[Work required] Reproduce the records. Keep every word exact and include no images.

[Source data]
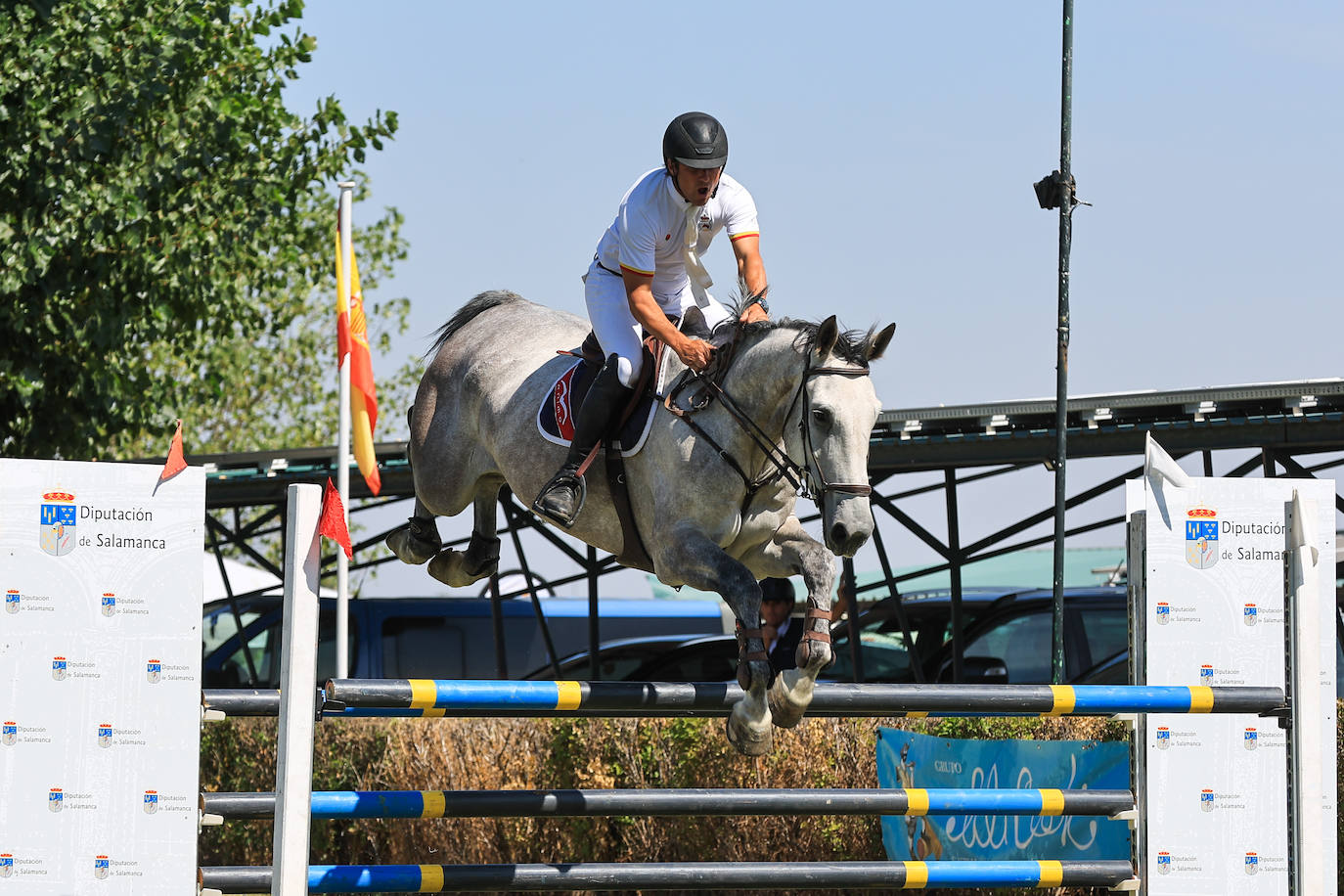 Ambientazo en la primera jornada de un concurso de saltos que enamora a Salamanca
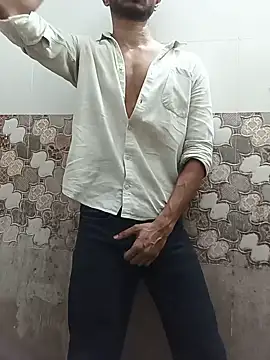 itsmemadhu2019 online show from 05/24/26, 01:00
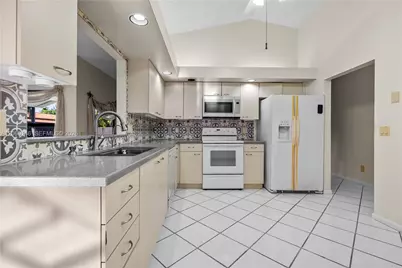 15821 Huntridge Rd, Davie, FL 33331 - Photo 15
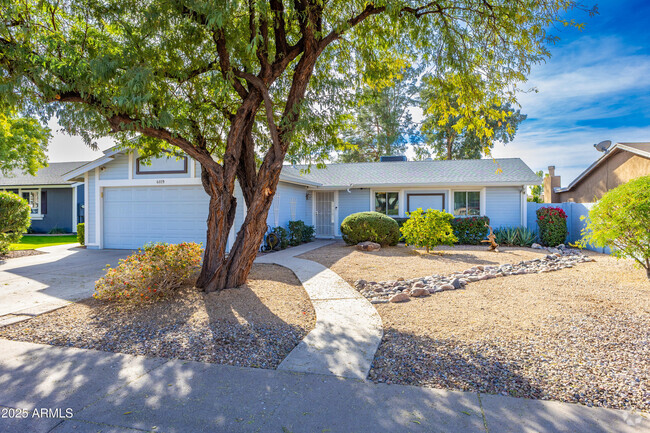 Building Photo - 6819 E Grandview Dr Rental
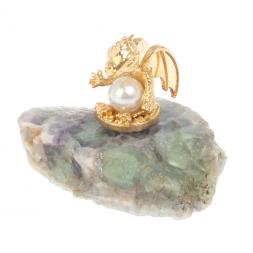 Сувенир "Дракончик с жемчугом" из флюорита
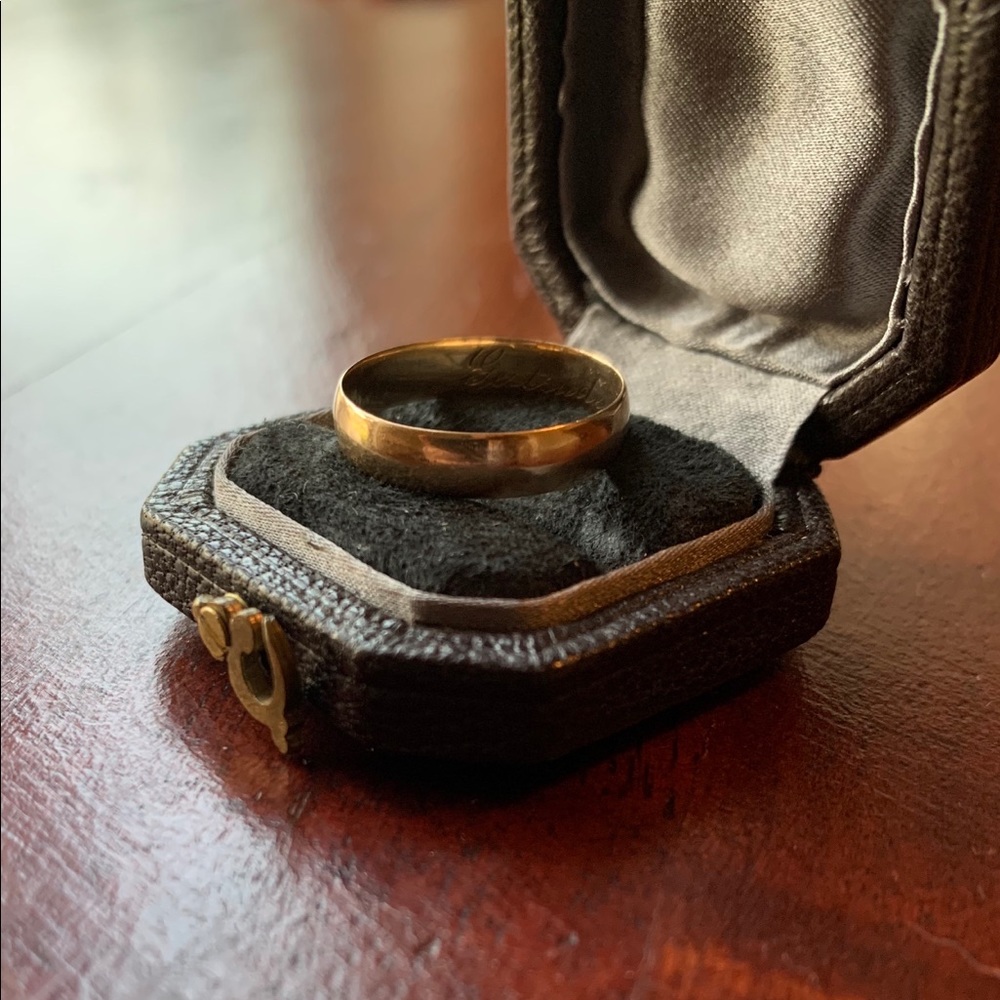 18kt Yellow Gold Antique Wedding Band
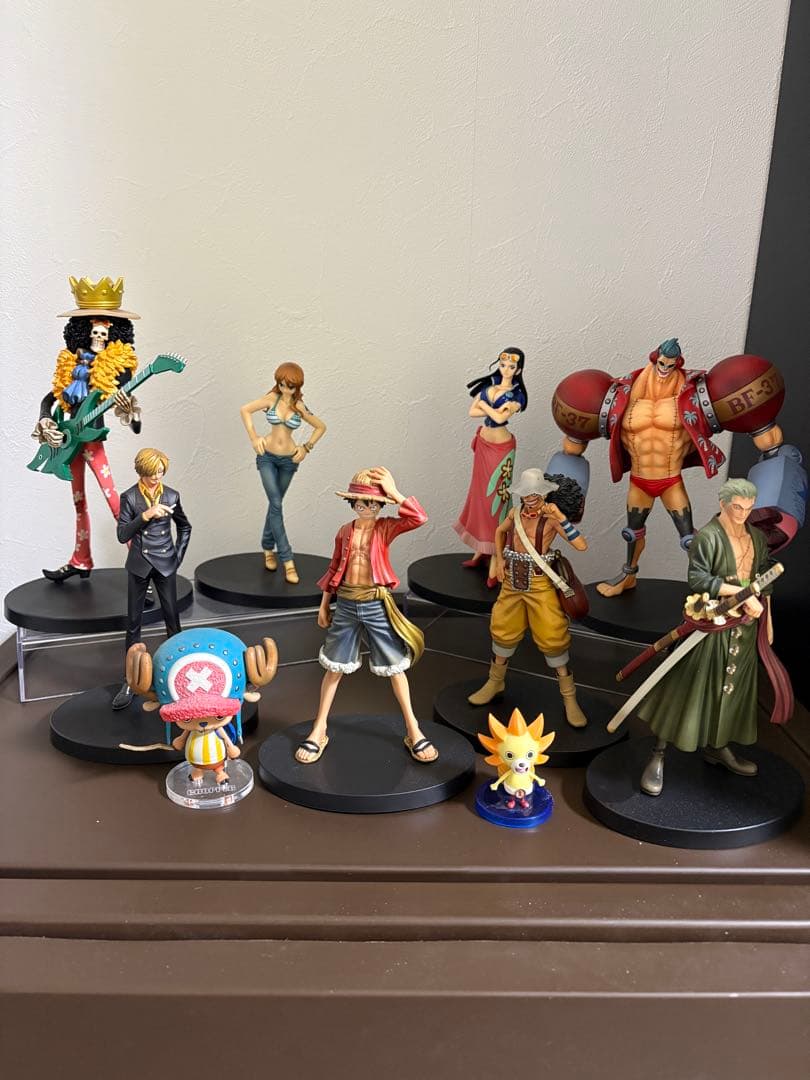 【専用台座付き】麦わらの一味　グラメン　フィギュアセット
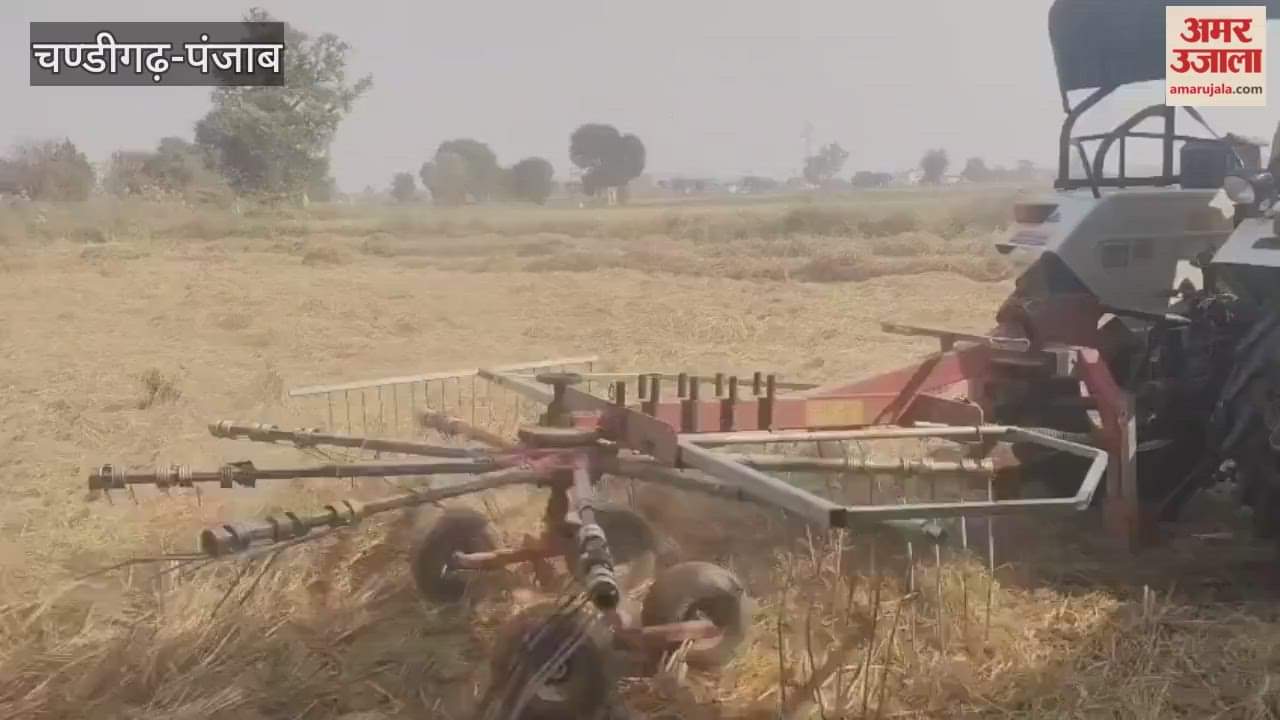 Moga police visited the fields and made farmers aware about not burning stubble.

[Your solution]
 Ambientazo en la primera jornada de un concurso de saltos que enamora a Salamanca
 itsmemadhu2019 online show from 05/24/26, 01:00
 15821 Huntridge Rd, Davie, FL 33331 - Photo 15
 Building Photo - 6819 E Grandview Dr Rental
 Сувенир "Дракончик с жемчугом" из флюорита
 18kt Yellow Gold Antique Wedding Band
 【専用台座付き】麦わらの一味　グラメン　フィギュアセット
 Moga police visited the fields and made farmers aware about not burning stubble.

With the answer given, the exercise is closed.